In the material below, pictures must be dropped. Repeat exactly, and only, the lines from the line with "You can use" to the line with "Sit on a dash.", both ends included.

Entries shown:
::::::::

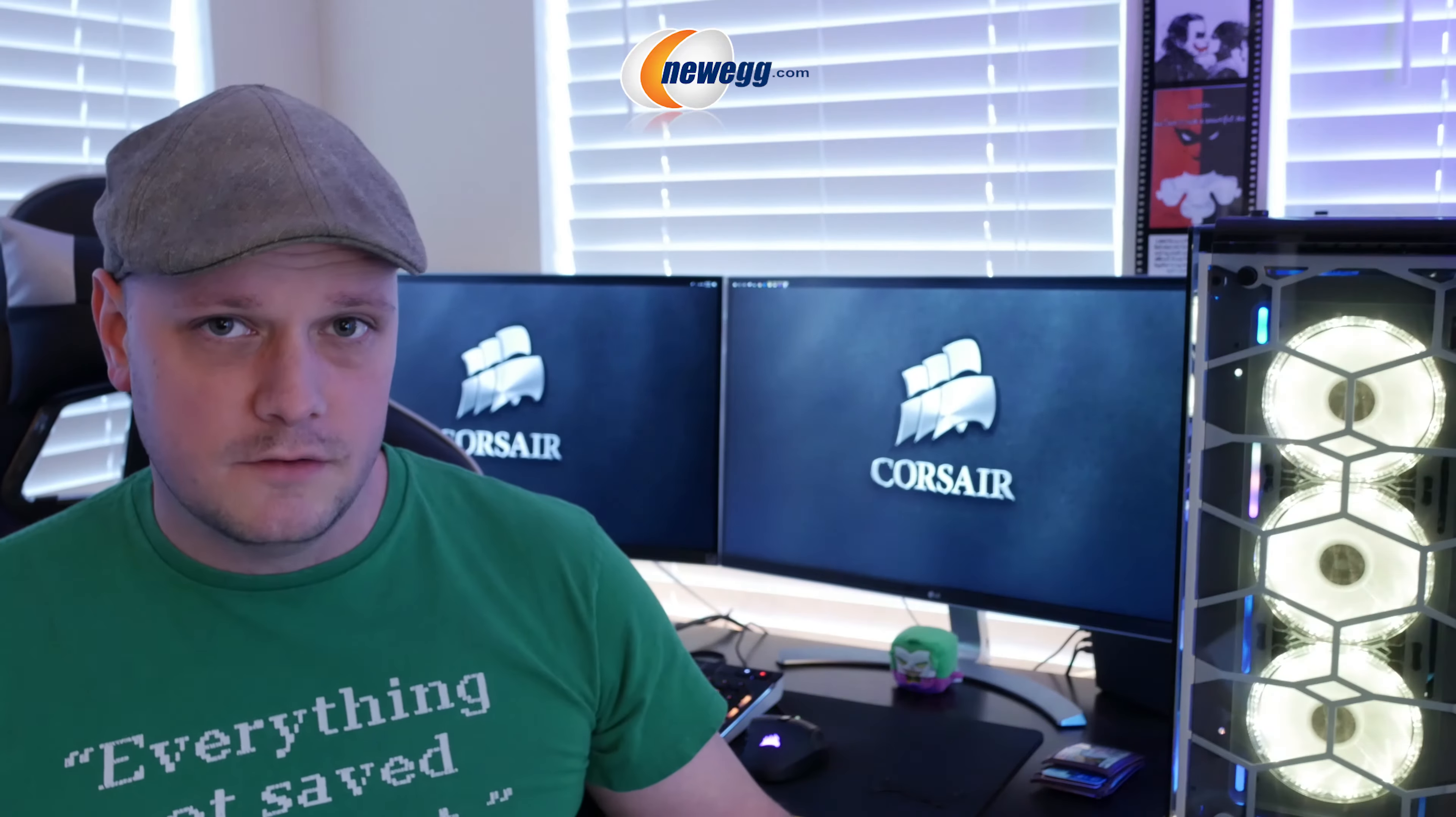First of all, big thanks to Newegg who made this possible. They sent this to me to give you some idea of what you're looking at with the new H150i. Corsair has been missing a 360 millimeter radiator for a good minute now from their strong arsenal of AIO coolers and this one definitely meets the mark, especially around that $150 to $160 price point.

::::::::

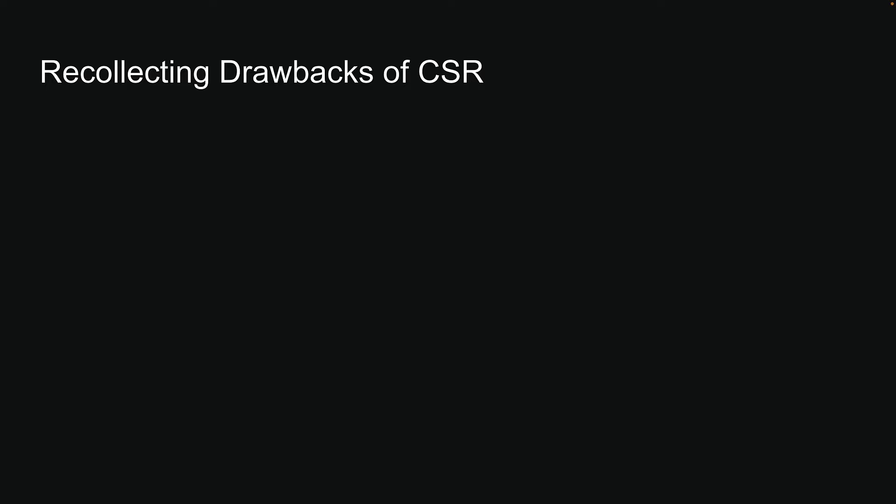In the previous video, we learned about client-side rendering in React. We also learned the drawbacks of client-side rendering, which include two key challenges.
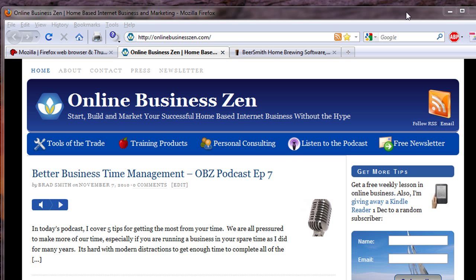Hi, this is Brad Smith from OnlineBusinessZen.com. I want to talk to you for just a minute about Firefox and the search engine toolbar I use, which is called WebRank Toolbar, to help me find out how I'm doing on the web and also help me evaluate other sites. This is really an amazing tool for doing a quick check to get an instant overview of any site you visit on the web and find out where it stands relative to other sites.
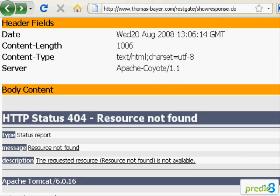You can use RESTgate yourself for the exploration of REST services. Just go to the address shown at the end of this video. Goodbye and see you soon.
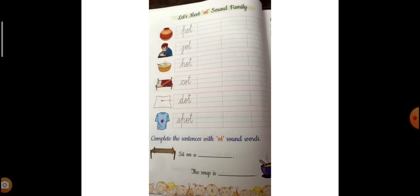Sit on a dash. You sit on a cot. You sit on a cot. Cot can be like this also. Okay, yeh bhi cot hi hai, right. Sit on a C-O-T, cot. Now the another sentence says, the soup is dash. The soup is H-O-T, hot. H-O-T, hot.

::::::::

Completed task:
You can use RESTgate yourself for the exploration of REST services. Just go to the address shown at the end of this video. Goodbye and see you soon.
Sit on a dash. You sit on a cot. You sit on a cot. Cot can be like this also. Okay, yeh bhi cot hi hai, right. Sit on a C-O-T, cot. Now the another sentence says, the soup is dash. The soup is H-O-T, hot. H-O-T, hot.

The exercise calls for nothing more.